--- Record set ---

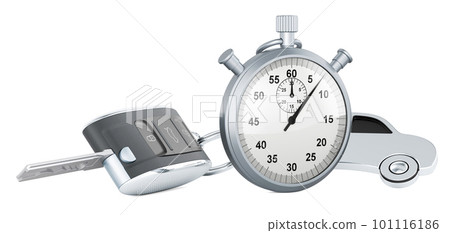 Car key with car shape metal keychain with stopwatch, 3D rendering Car key with car shape metal keychain with stopwatch, 3D rendering 101116186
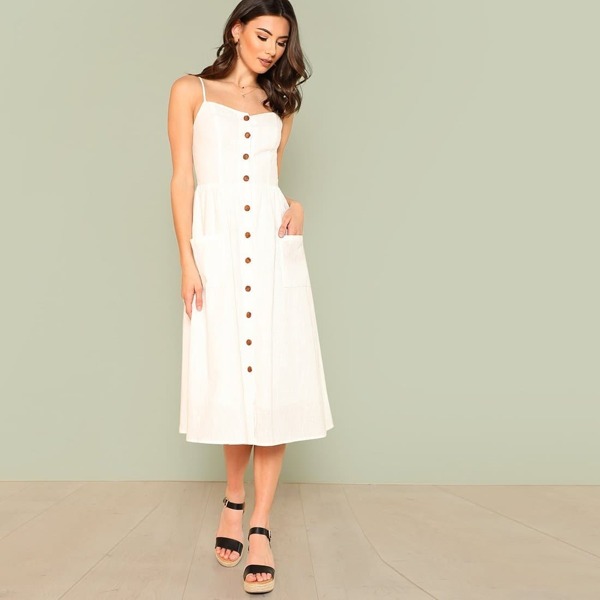 

Pocket Patched Button Through Cami Dress, White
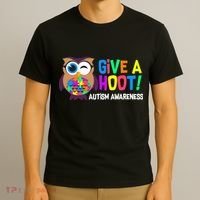 Give A Hoot Autism Awareness T-Shirt thumb 3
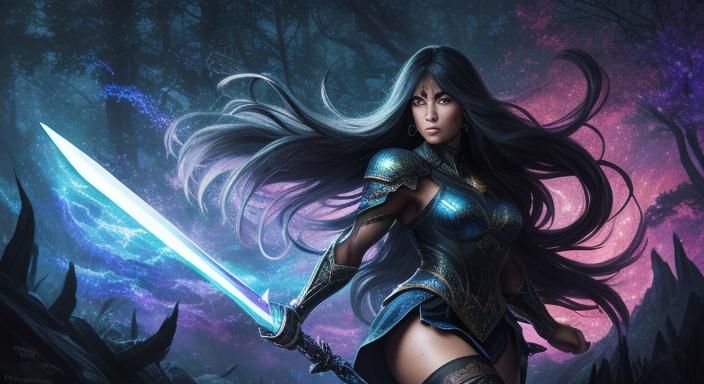 In the depths of the dark forest, a strong heroine walks. Hi...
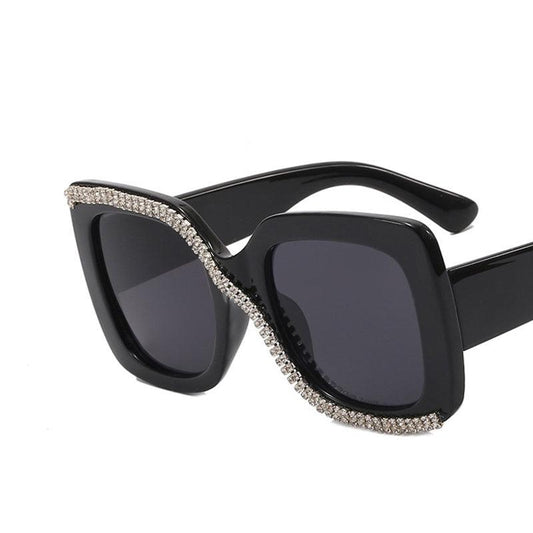 Vintage Oversized Square Sunglasses Rhinestone Shades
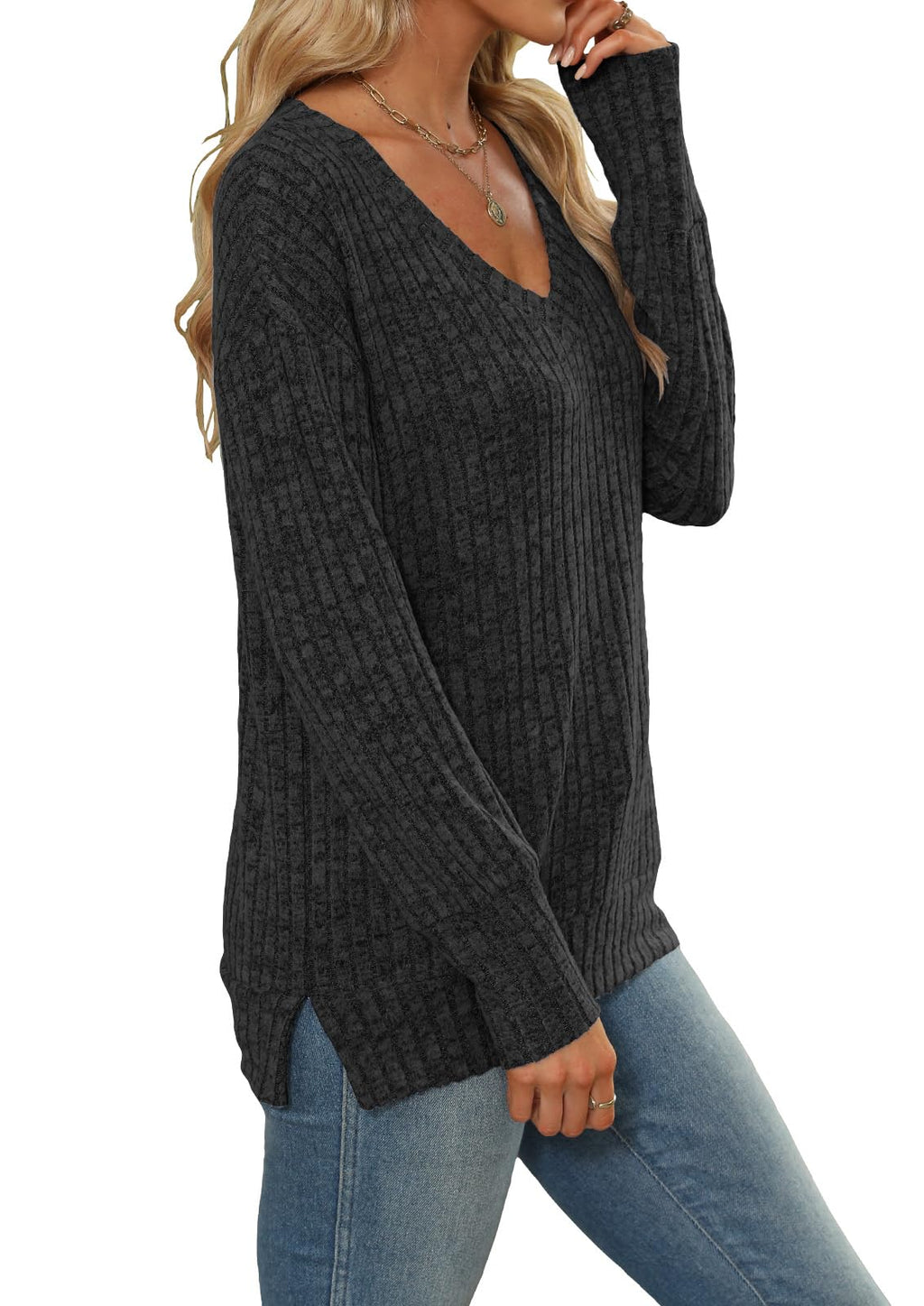 Women's Sweatshirts V Neck Long Sleeve Shirts Casual Fall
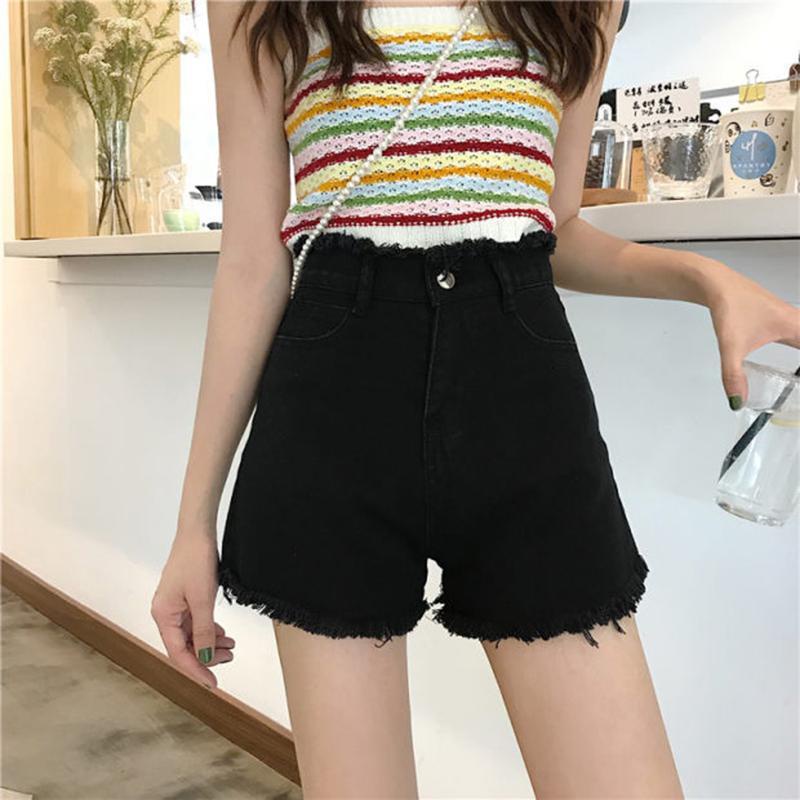 Quần Short Denim Ống Rộng Lưng Cao Thời Trang Mùa Hè Hàn Quốc Dành Cho Nữ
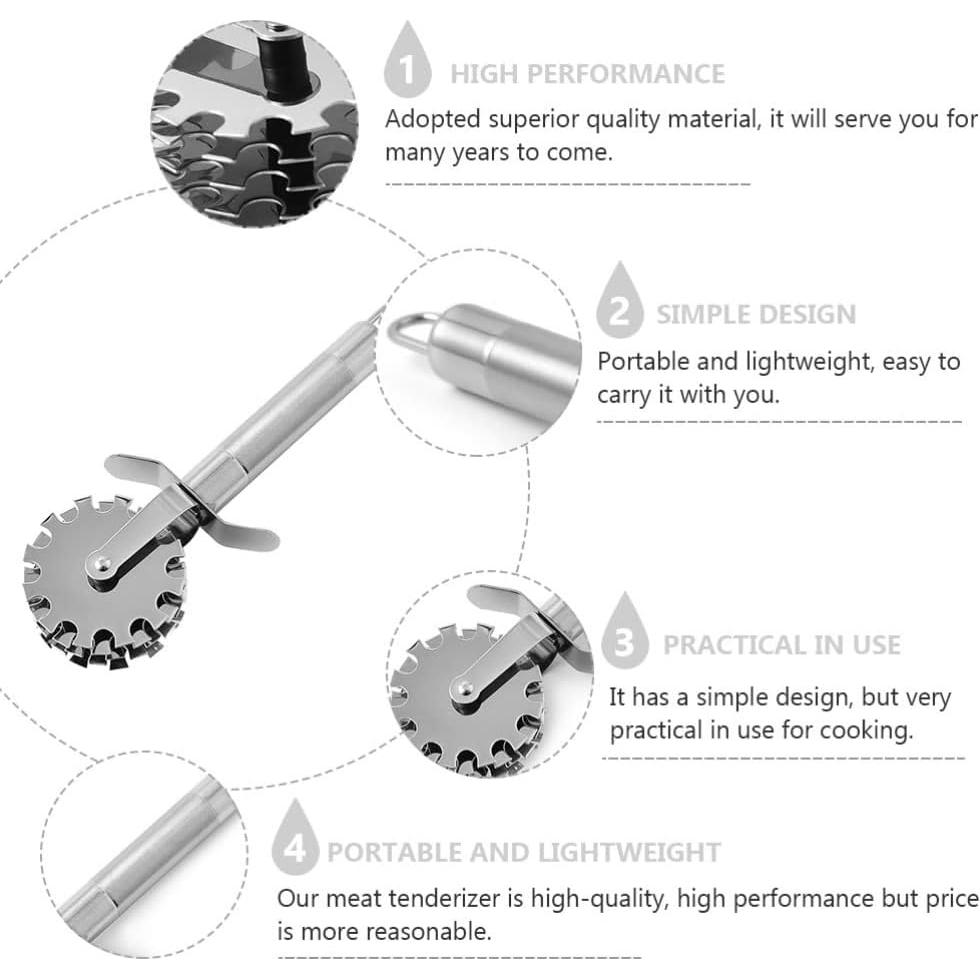 Rodillo Aplanador de Carne DOITOOL Acero Inoxidable 19.3cm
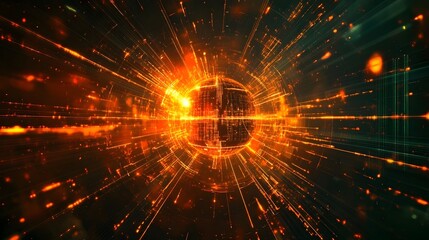 Obraz premium Abstract technology background featuring quantum computing concepts, showcasing digital elements, data processing, and cutting-edge innovation in modern technology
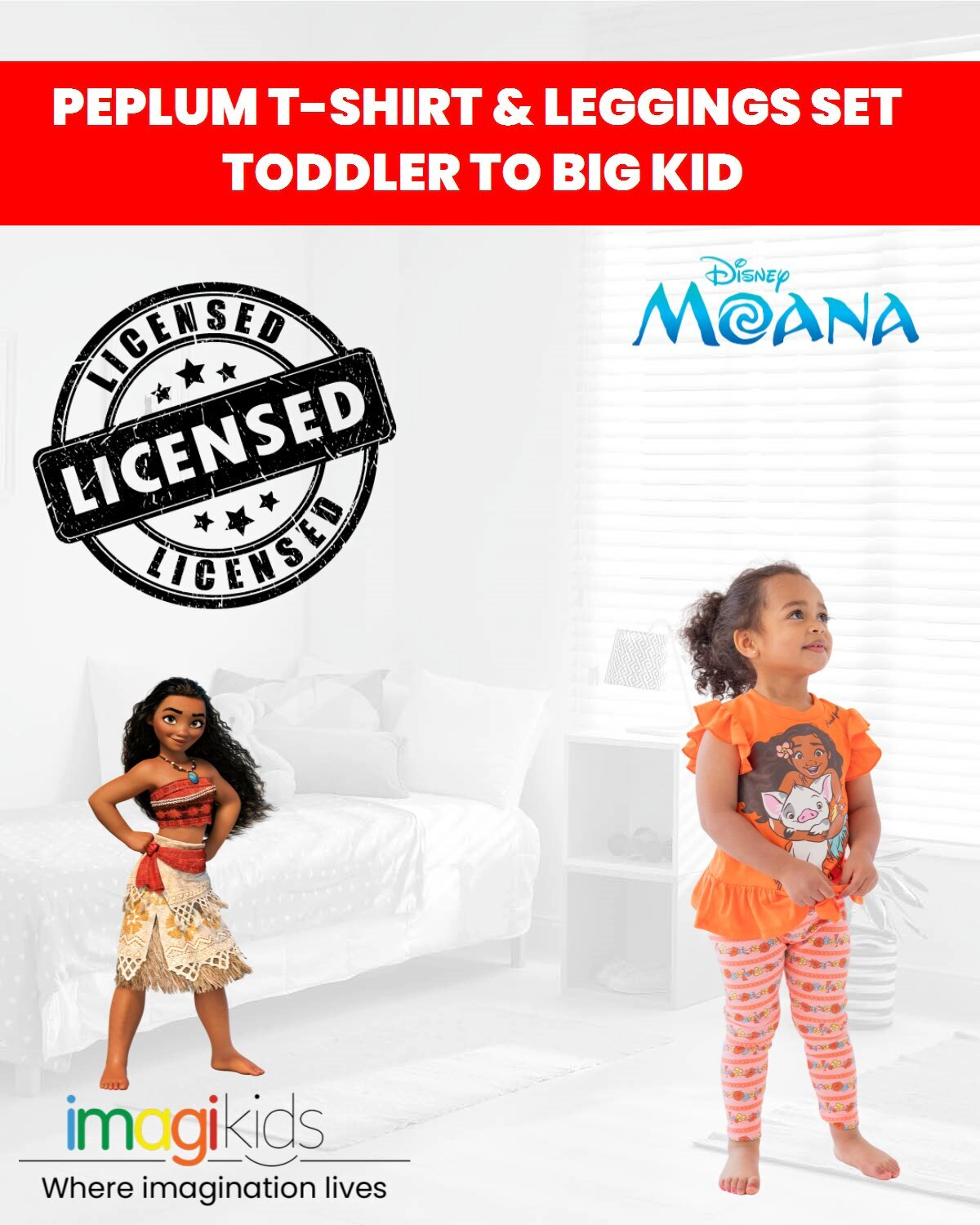 Disney Moana Girls' 2-Piece T-Shirt and Leggings Set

---

### Task requirements:
The answer is the listing above restated word for word, pictures removed.

### Written response:
 Car key with car shape metal keychain with stopwatch, 3D rendering Car key with car shape metal keychain with stopwatch, 3D rendering 101116186

Pocket Patched Button Through Cami Dress, White
 Give A Hoot Autism Awareness T-Shirt thumb 3
 In the depths of the dark forest, a strong heroine walks. Hi...
 Vintage Oversized Square Sunglasses Rhinestone Shades
 Women's Sweatshirts V Neck Long Sleeve Shirts Casual Fall
 Quần Short Denim Ống Rộng Lưng Cao Thời Trang Mùa Hè Hàn Quốc Dành Cho Nữ
 Rodillo Aplanador de Carne DOITOOL Acero Inoxidable 19.3cm
 Obraz premium Abstract technology background featuring quantum computing concepts, showcasing digital elements, data processing, and cutting-edge innovation in modern technology
 Disney Moana Girls' 2-Piece T-Shirt and Leggings Set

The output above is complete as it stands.